◆ What is needed
Restate word for word the lines of the records below, starting at the line that contains "Các mom cứ để" and ending at the line that contains "Cầu chúc tất", with both of those lines included and nothing else.

◆ The records

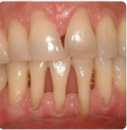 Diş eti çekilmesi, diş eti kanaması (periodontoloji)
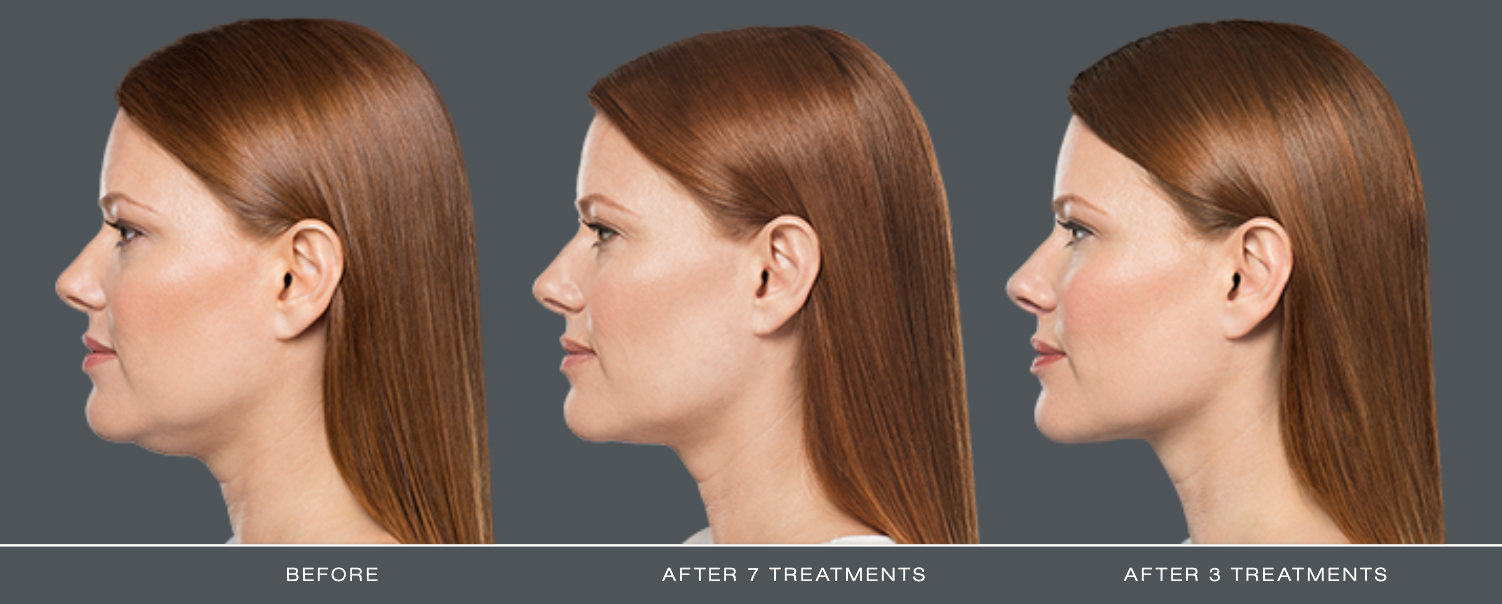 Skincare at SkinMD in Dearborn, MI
==
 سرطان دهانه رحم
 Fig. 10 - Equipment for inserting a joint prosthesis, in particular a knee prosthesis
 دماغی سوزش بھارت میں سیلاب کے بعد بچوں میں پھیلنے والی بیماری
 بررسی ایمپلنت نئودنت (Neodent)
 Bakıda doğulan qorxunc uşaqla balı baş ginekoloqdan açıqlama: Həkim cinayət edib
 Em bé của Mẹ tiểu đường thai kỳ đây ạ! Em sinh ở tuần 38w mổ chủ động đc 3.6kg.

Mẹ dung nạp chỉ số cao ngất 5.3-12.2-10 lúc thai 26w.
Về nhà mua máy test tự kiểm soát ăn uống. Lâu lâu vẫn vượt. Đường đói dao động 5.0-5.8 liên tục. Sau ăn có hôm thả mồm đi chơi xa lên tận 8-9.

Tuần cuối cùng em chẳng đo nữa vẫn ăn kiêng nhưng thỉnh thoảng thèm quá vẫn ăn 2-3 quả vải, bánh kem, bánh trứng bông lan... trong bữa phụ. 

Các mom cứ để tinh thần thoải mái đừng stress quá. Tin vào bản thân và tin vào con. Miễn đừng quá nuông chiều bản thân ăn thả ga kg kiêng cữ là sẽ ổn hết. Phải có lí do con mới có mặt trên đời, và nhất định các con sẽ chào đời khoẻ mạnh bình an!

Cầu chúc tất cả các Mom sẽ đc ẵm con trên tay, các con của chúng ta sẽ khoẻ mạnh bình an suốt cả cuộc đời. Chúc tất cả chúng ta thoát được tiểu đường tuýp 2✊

◆ Written answer
Các mom cứ để tinh thần thoải mái đừng stress quá. Tin vào bản thân và tin vào con. Miễn đừng quá nuông chiều bản thân ăn thả ga kg kiêng cữ là sẽ ổn hết. Phải có lí do con mới có mặt trên đời, và nhất định các con sẽ chào đời khoẻ mạnh bình an!

Cầu chúc tất cả các Mom sẽ đc ẵm con trên tay, các con của chúng ta sẽ khoẻ mạnh bình an suốt cả cuộc đời. Chúc tất cả chúng ta thoát được tiểu đường tuýp 2✊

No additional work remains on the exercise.